November so far has been a bumpy month for the S&P 500, Nasdaq, and Dow Jones, though their declines have been much smaller, staying under 5%, compared to BTCUSD, which has fallen by over 20%.
Given Bitcoin’s speculative nature, a drop of this size shouldn’t come as a surprise. After all, the digital market, including the first cryptocurrency, has seen even larger declines in shorter periods. Still, some began looking for external causes behind the sharp sell-off.
One of the scapegoats was JPMorgan. The bank was accused of intentionally pressuring Strategy stocks by suggesting that its shares might no longer meet the requirements for inclusion in the MSCI index.

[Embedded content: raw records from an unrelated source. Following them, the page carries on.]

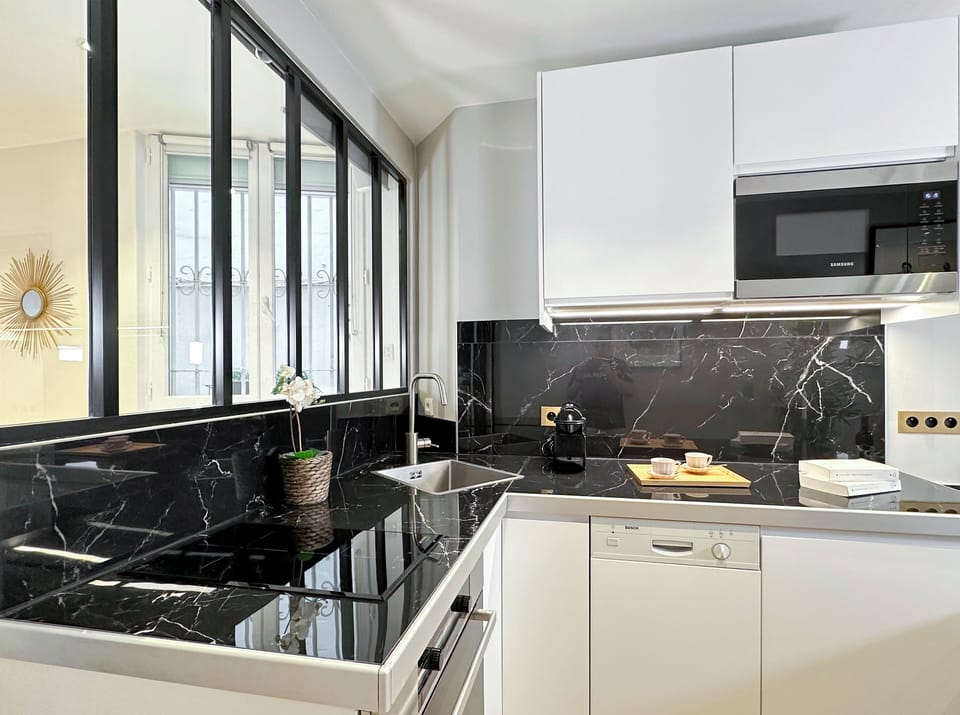 Superior Apartment | Private kitchen | Espresso maker, electric kettle, toaster, freezer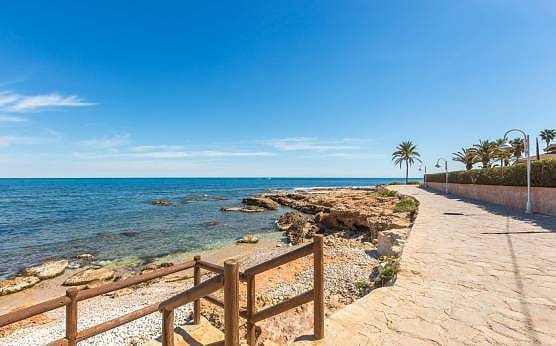 2 makuuhuone Huoneisto myytävänä paikassa Denia mukana uima-altaan - 277 000 € (Ref: 9939233)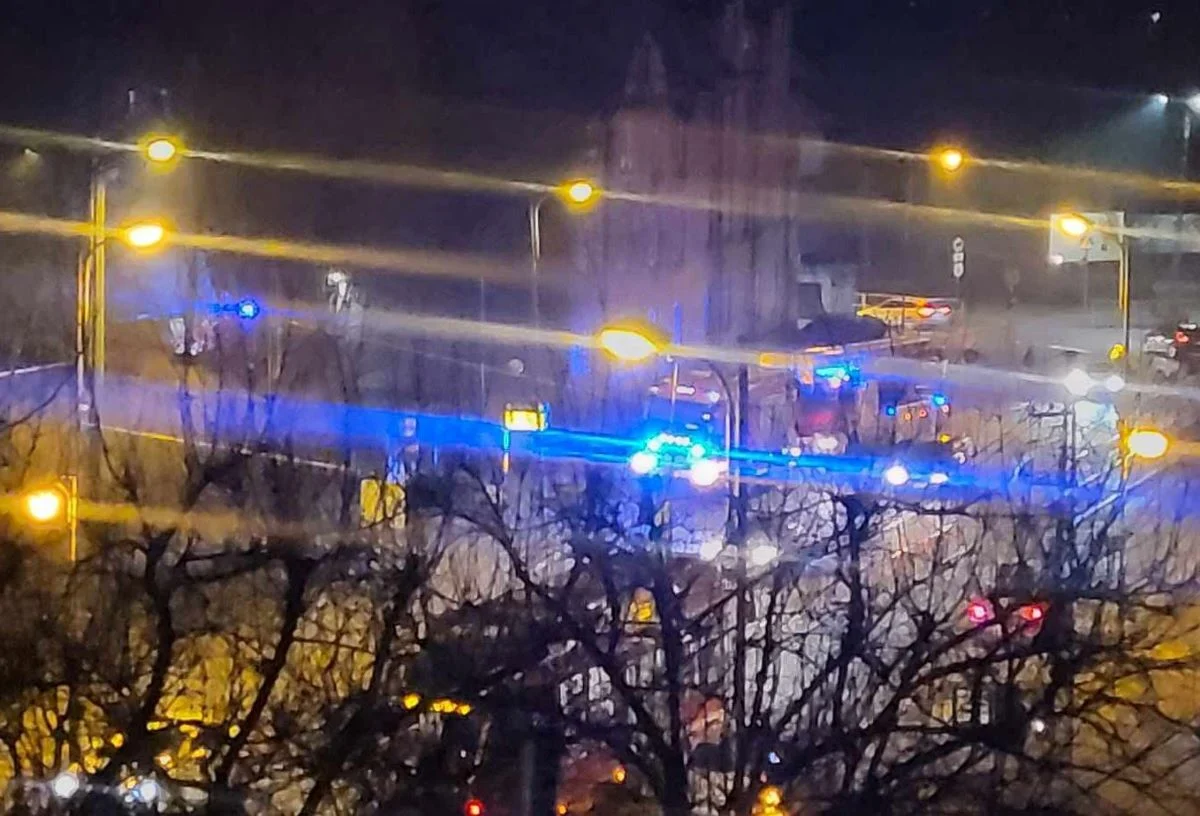 Pożar przy ulicy Katowickiej – niedopałki papierosów przyczyną groźnej sytuacji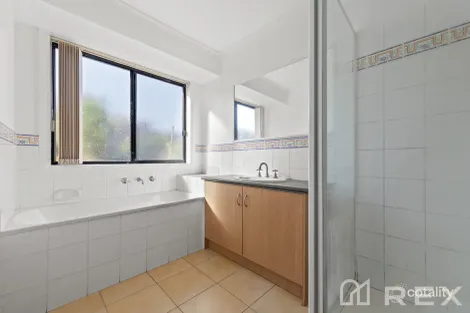 Property photo of 118 Golf Links Road Berwick VIC 3806
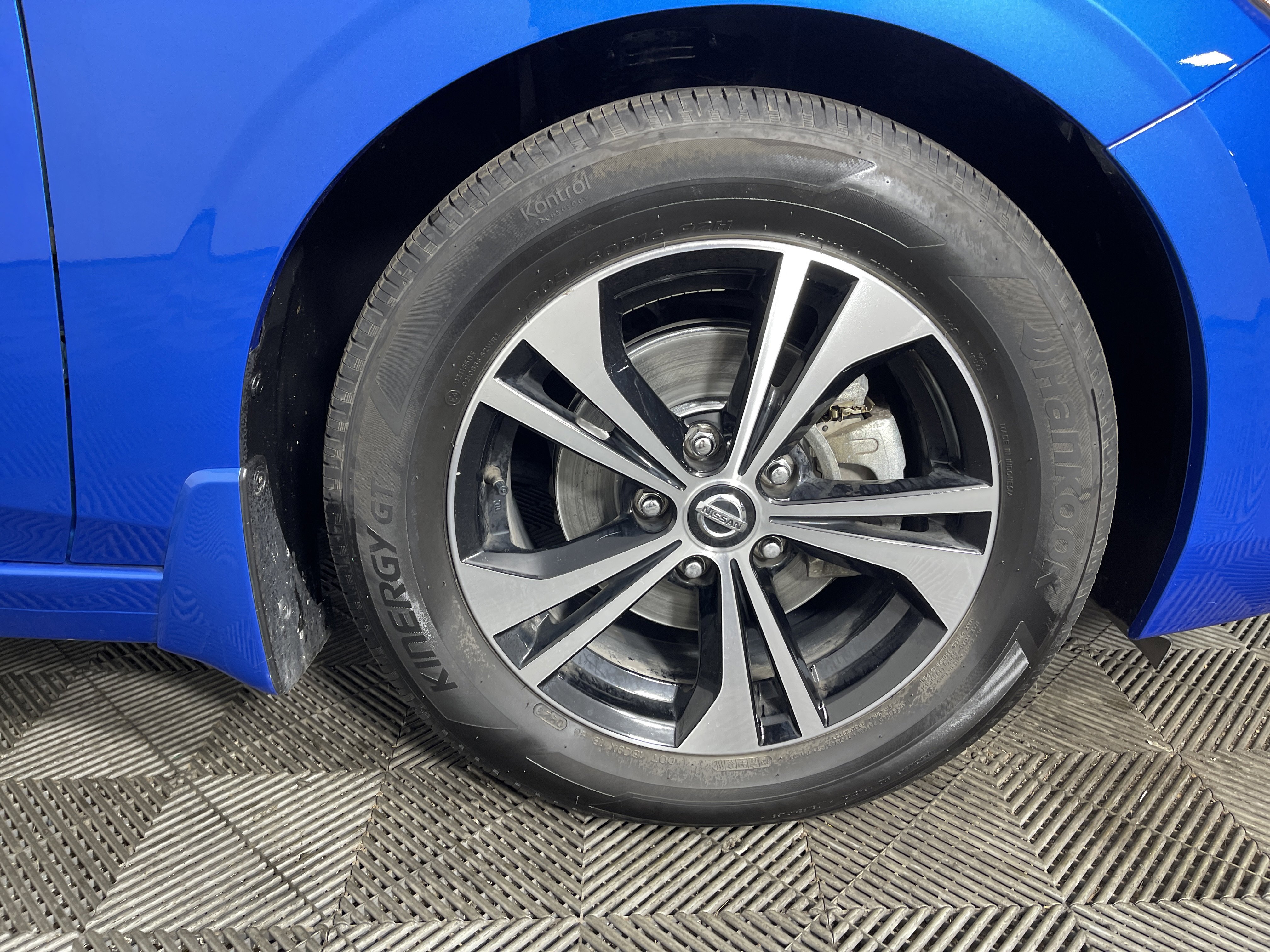 Used 2023 Nissan Sentra SV image 7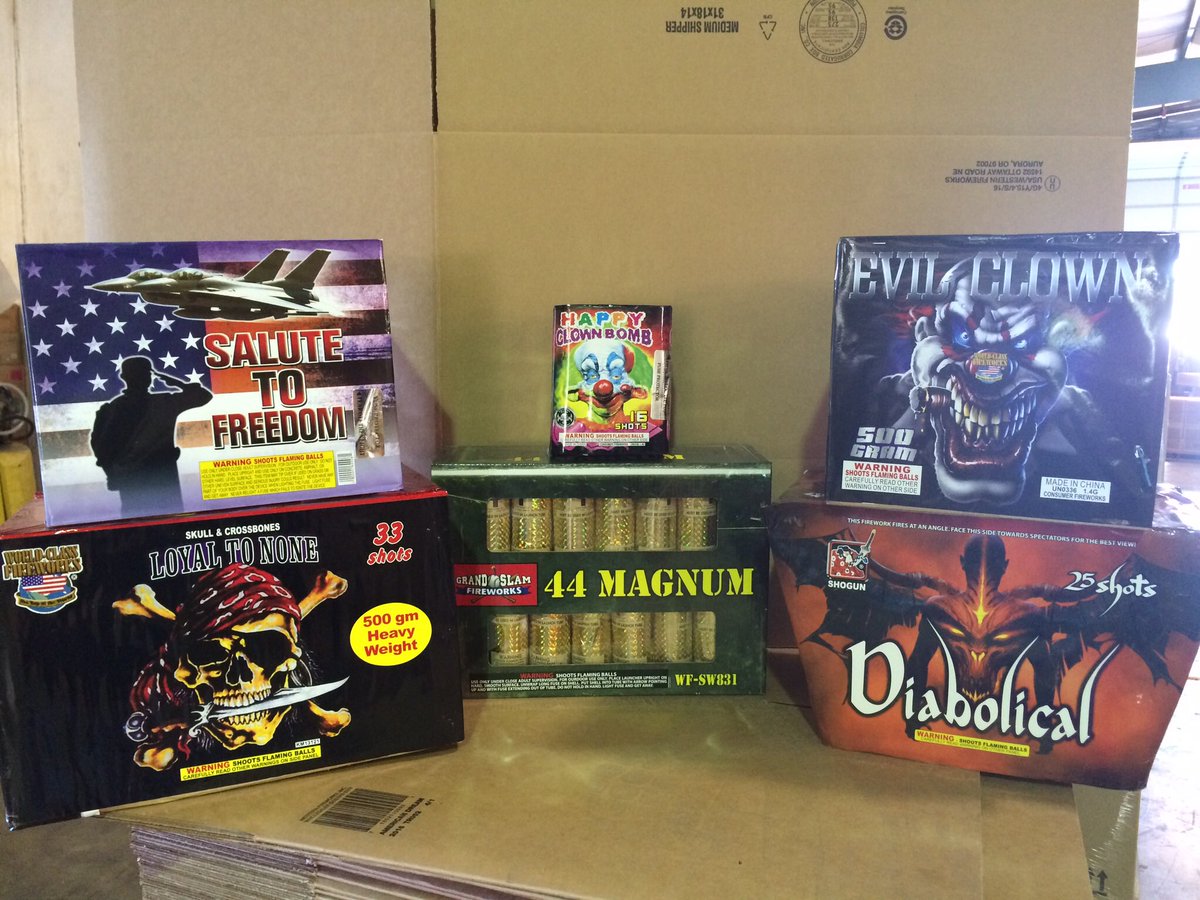 GrandSlamFW's tweet image. Bring in the New Year with a beautiful firework display.  You still have time to buy at two of our SW Washington locations.  Battleground on Main St near the 76 station and Washougal in the Bi-Mart parking lot.  Both locations open until 11pm tonight.  #Fireworks #NewYear2018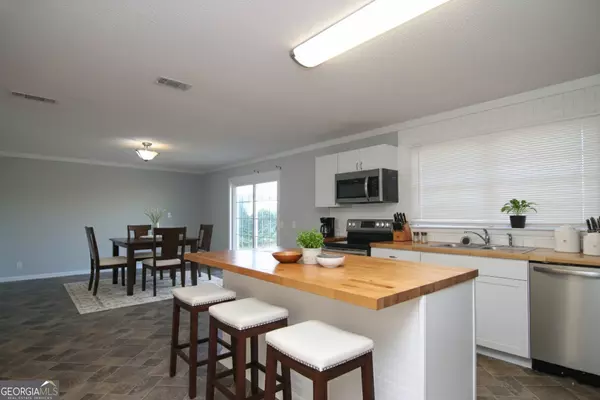 Warner Robins, GA 31088,105 Maxwell DR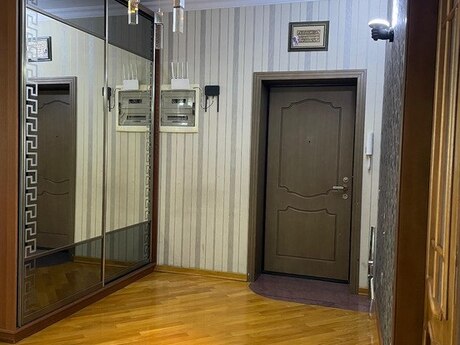 Satılır 3 otaqlı yeni tikili 125 m², Memar Əcəmi m.
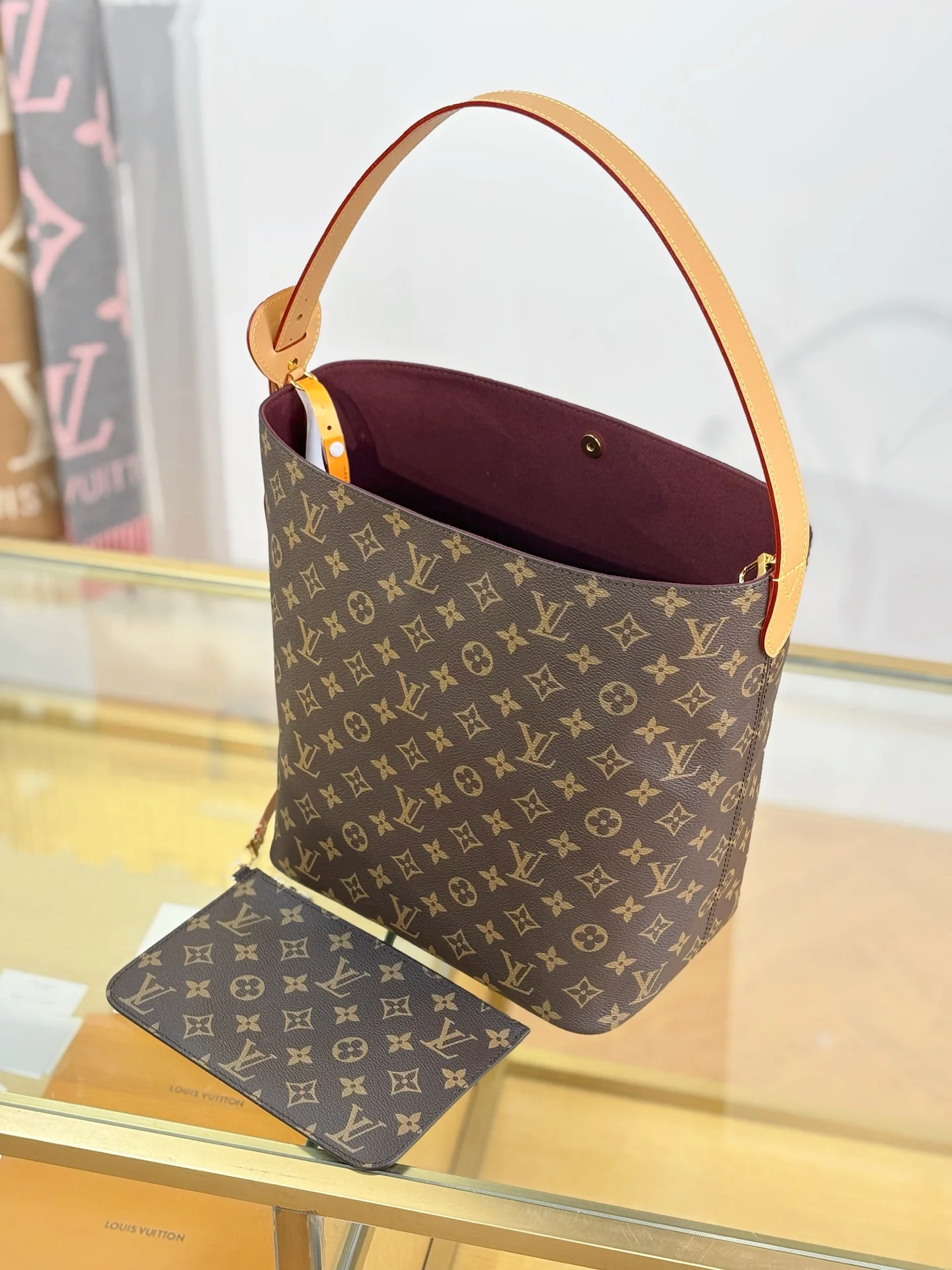 LV-m12926-all-in-large handbag-monogram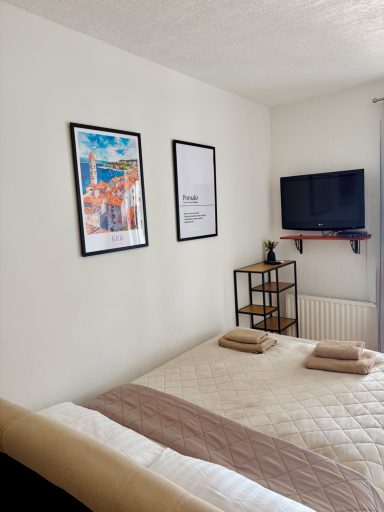 Apartment II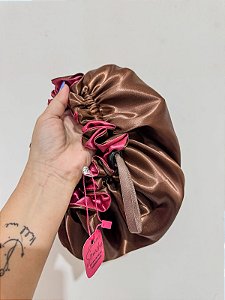 Touca Ju | chocolate/cereja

There’s just one problem: that statement came out on October 10. So why did everyone “notice” it only last week? It’s also worth mentioning that Strategy’s stock had been falling since July, right after JPMorgan quietly raised margin requirements for MSTR. Thus, the narrative that JPMorgan single-handedly tanked Bitcoin feels forced.
Still, calls to boycott JPMorgan started flooding social media. It’s hard to imagine this having any meaningful impact on the bank. As for Strategy’s future, we’ll see, but it’s worth keeping in mind that Peter Schiff’s blunt warning that “Strategy’s entire business model is a fraud” isn’t exactly helping investor confidence.
So if it wasn’t JPMorgan, what caused Bitcoin to drop?
Pretty much the same factors that weighed on the S&P 500 and Nasdaq. The main trigger was the shift out of risk assets due to fears that at the December 10 FOMC meeting, policymakers might vote to keep rates unchanged, especially after Fed Chair Jerome Powell said it was “not a foregone conclusion” that rates would be cut in December.
The good news is that expectations for a rate cut climbed above 80% after New York Fed President John Williams said the Fed could still lower rates in the near term, given that current policy is “moderately restrictive.” Following that, Bitcoin and the major U.S. indexes rebounded. Now it’s just a question of whether those expectations will actually materialize.
Another factor weighing on sentiment was concern about a potential AI bubble, as investors grew increasingly worried that tech stocks are overvalued and that the billions poured into AI might not pay off as hoped. Things got even more heated when Michael Burry added fuel to the fire, accusing big tech firms of fraudulently overstating their AI-related earnings.
Worsening liquidity didn’t help either. Excess liquidity typically flows into cryptocurrencies, but with the reverse repo balance near zero and repo operations on the rise, the liquidity picture is clearly deteriorating. We’ll see how things evolve on December 1, when the QT program is set to end.